Northern Brass Quintet

Concert date: 21 February 2016
Reviewed by: JRC

The opening number of Northern Brass dispelled preconceived ideas of what a Brass concert would be. Gone were our expectations of bombastic brass. Instead we delighted in the technical agility and lightness of touch that Bach's Little Fugue in G minor demands. The interweaving threads of Bach are so much easier to appreciate in a transcription where different timbres are there to help us. This was an enjoyable rendering of a well deserved staple from the classical brass quintet repertoire.

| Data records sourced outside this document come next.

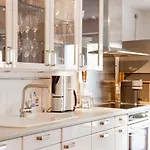 ホテル Zur Linde Dein Self Check In 4*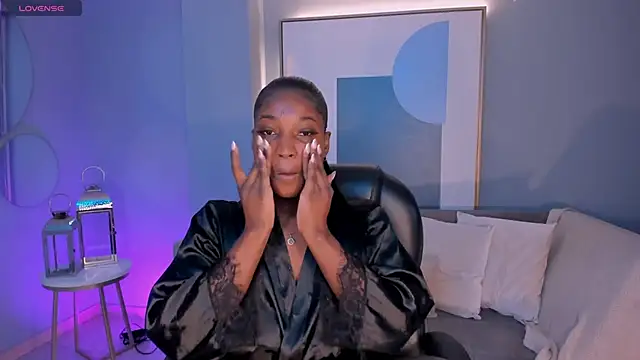 SavannahStorm online show from December 4, 2025, 10:47 am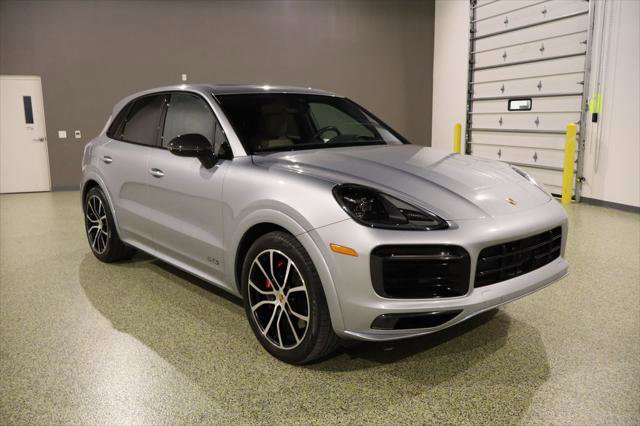 Used 2021 Porsche Cayenne GTS image 1
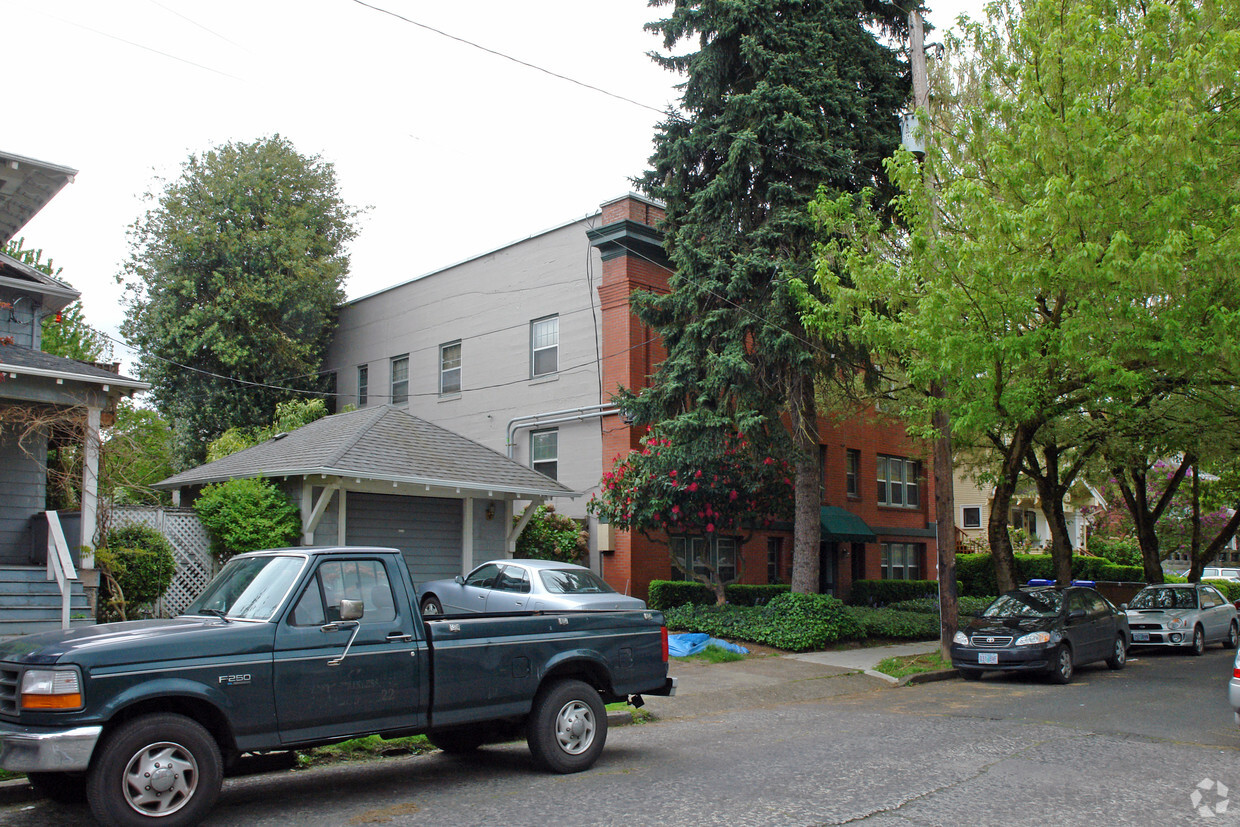 Primary Photo - Broadmore Apartments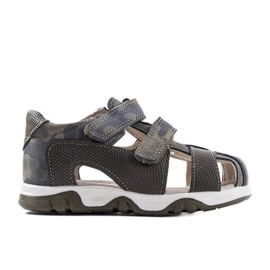 Gröna sandaler med innersula i läder från Millard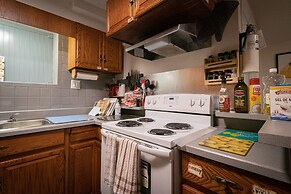 Pring Guesthouse - Hostel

Ewald's Brass Quintet No1 has quite a different origin. A cellist in a string quartet in the 19th Century, Ewald was the first person to compose music specifically for brass quintets. The sombre mood of the Moderato was introduced by the tuba, and, although other instruments later took us to chirpier sections, the movement's closing mood was subdued. The second movement opened with a quietly melodic Adagio; this was followed by a light and intricately rhythmic Allegro, and we were returned to the melodic theme for the closing Adagio: a rounded movement well executed. The Allegro Moderato had an altogether brighter feel, with engaged responding phrases, and a final accelerando and crescendo that left us in no doubt that we were firmly in Romantic territory.

The Battle Suite by Scheidt provided The Northern Brass with another opportunity to demonstrate their musical versatility. The Galliard Battaglia was taken at an impressive, spirited pace, contrasting greatly with the smooth lines of the Courant Dolorosa lament. The Canzon Bergamasque had variety, within which rally calls were passed around, before the work ended in a mood of triumphalism.

Kat Curlett [trumpeter] encouraged us to ignore the outrage and pathos of Bizet's Carmen, by frivolously introducing the French horn player as Carmen [rose in wig], trumpeter as Don Jose [military hat], trombonist as Escamillo [tricorn and cape] and tuba player as The Bull [with horns and a tail]. Very pleasing to hear their Toreador Song had a light touch too!

It seems that Kamen's Quintet has become a 'standard work' for Brass quintets, and deservedly so. We were very fortunate to hear, live, Northern Brass' rendering of this romantic wistful piece.

And then we had Gershwin's three Preludes: a sandwich of one slow movement between two fast. The latter were exhilarating, not just owing to the tempo adopted, but also to the intricacy of the syncopated rhythms. At the slow movement, the trumpets took mutes, and we were transported to a sultry bluesy mood, slowly expanding with mutes off, then back to bluesy.

Next, Sondheim's 'Send in the Clowns' featured Kat Curlett on flugelhorn that proved to be an excellent substitution for the human voice: a memorable performance with a suitably empathetic backing.

A selection from Bernstein's West Side Story rounded off the programme. The welcome lack of sickly sentimentality in 'Tonight', and good spirits throughout, made for a strong finale.
Their encore, 'I got Rhythm', concluded a thoroughly enjoyable concert.
How good to see that Nadsa concerts provides opportunities to young and emerging groups. Who knows where this ensemble will be in ten years time?